I grew up with guns in the backwoods of Jasper National Park where my father was a warden.  Stern boyhood training at my father’s hand told me to immediately shoot and it would startle him off his aim.  I fired my rifle where it was aimed at the ground, about midway between us, for I knew I did not have that split second to raise it toward him.  His shot was so close with mine that they seemed one and although he was only 60 feet from us he missed is both.  Wither my action saved us or he may have been expecting one target and was confronted with two. 

The next few moments of action seemed as if in slow motion.  The gunman then dove to his right coming to rest behind a two-foot thick pine tree.  I dove to my let and found myself behind a rock the size of a large watermelon (and the only rock in the entire area), while Belanger flattened where he was.  Belanger seemed exposed but was actually in a shallow dip and could not see the gunman while Willms was about 100 feet behind me.  I could see that the gunman was well protected, not only by tree he was lying behind but also his body was down slope from it.  He was so close I could clearly hear the action of the rifle as he worked the bolt to reload and it was time to scrunch behind that small rock for his next shot hit it.  I now had a safe time to look and shot at the dirt to the side of the tree hoping to perhaps hit his elbow bit it was clear there was too much protection of earth in front of him.

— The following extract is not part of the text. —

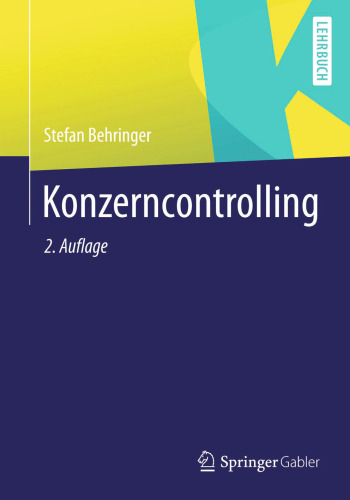 Konzerncontrolling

Now it was time to duck for I heard his bolt slam home again.  He shot a third time creasing a small tree line with me and a sliver of wood nicked my forehead.  My turn again.  This time I looked, he had rolled onto his left side to reload and exposed the back of his head past the safety of the tree.  I shot and he appeared to dive over backward to my right and out of sight.

I couldn’t believe I could possibly have missed him and we couldn’t afford to lose track of him.  I motioned Belanger to guard the right and to Willms to guard the left while I gingerly stood to advance.  I could then see him lying prone some 10 feet from where he had been.  The impact of the shot had actually lifted him over backward.  Our trading of six shots had caused a flurry of activity far below us and soon the helicopter swept by.  We waved it in and then learned that three of our members had been slain.

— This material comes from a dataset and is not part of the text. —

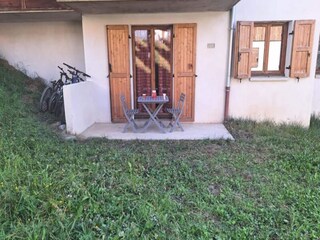 Apartamento Albiez-Montrond  3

As the subsequent investigation began, the previous history was learned for all.  Over the next few years, numerous testy encounters ensued with George Booth’s father and our members, beginning with his insisting on having his son’s bloodied clothing returned to him which he enshrined on the wall of his shack.  He then erected a concrete monument where his son died, carrying concrete and water half a mile to build it with a plaque attesting to his son’s murder at the hands of the police.  Finally, 11 years later, on July 25, 1973, the father shot at a man on the main street of Kamloops with a revolver, hitting the frame of his eye glasses.  He was committed to a mental hospital and died in 1974.  His full name was John Wilkes Booth – Shades of Abraham Lincoln’s assassin.